Kingfishers dislike freezing weather conditions and even worse, few survive extremely cold winters.
Ice in winter has far-reaching consequences for the kingfisher population. Ice is in fact the kingfisher’s worst enemy, because, if ditches, pools and lakes are covered with ice, it cannot catch fish. Few kingfishers survive, if most open water bodies are frozen over. After a cold winter it may take years for the population to return to its former level. In peak years, more than 800 couples breed in the Netherlands, in 2008 as many as a thousand, but after an extremely cold winter, as in 1997, the amount of breeding couples may be reduced to no more than 50.

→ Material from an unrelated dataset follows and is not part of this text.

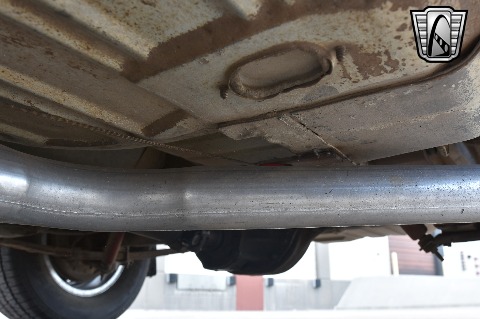 1967 Ford Mustang image 121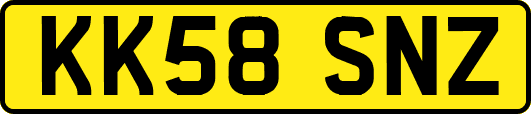 KK58SNZ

Kingfisher population and ice days
Severe winters with many ice days are uncommon in the Netherlands. Since 1900, there have been no more than 12 cold winters. The last cold winter was 1995/1996, when the kingfisher population was decimated. In the next winter, which was also very cold with 19 ice days, the population reached a record low. During the mild winters that followed, the kingfisher population gradually recovered.

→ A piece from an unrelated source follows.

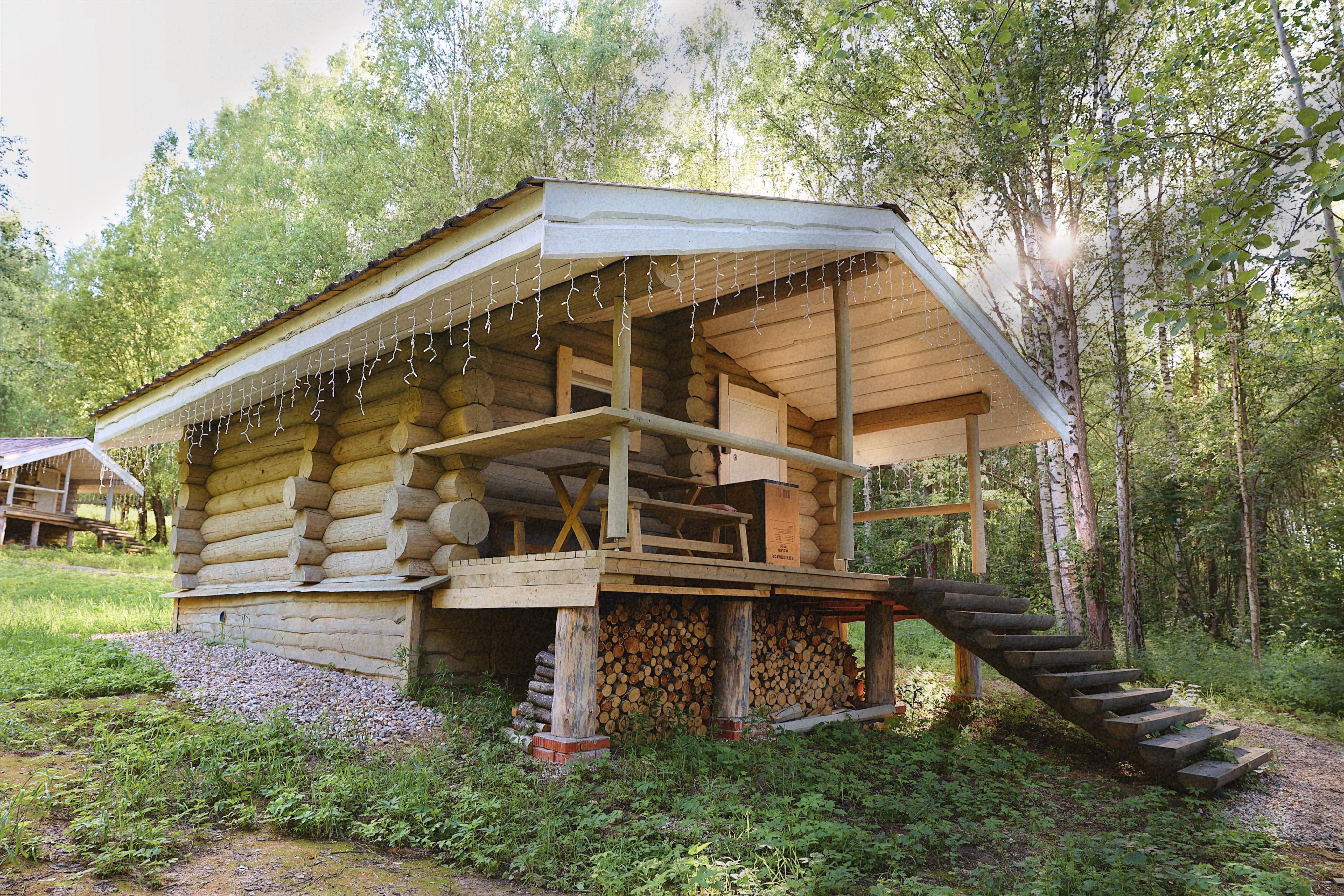 Коттедж Кировская 11 В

In the winter of 2009/2010, 15 ice days were recorded in the period 14 December 2009–27 January 2010. In spring the number of breeding birds will be counted and it will become clear how the kingfisher survived the current winter.
Kingfishers are not the only species to have problems surviving in cold winters. In extreme winters, the wren population may be reduced to half. Many bird species are less bothered by cold winters. Hibernating water birds from the north in particular are cold-resistant.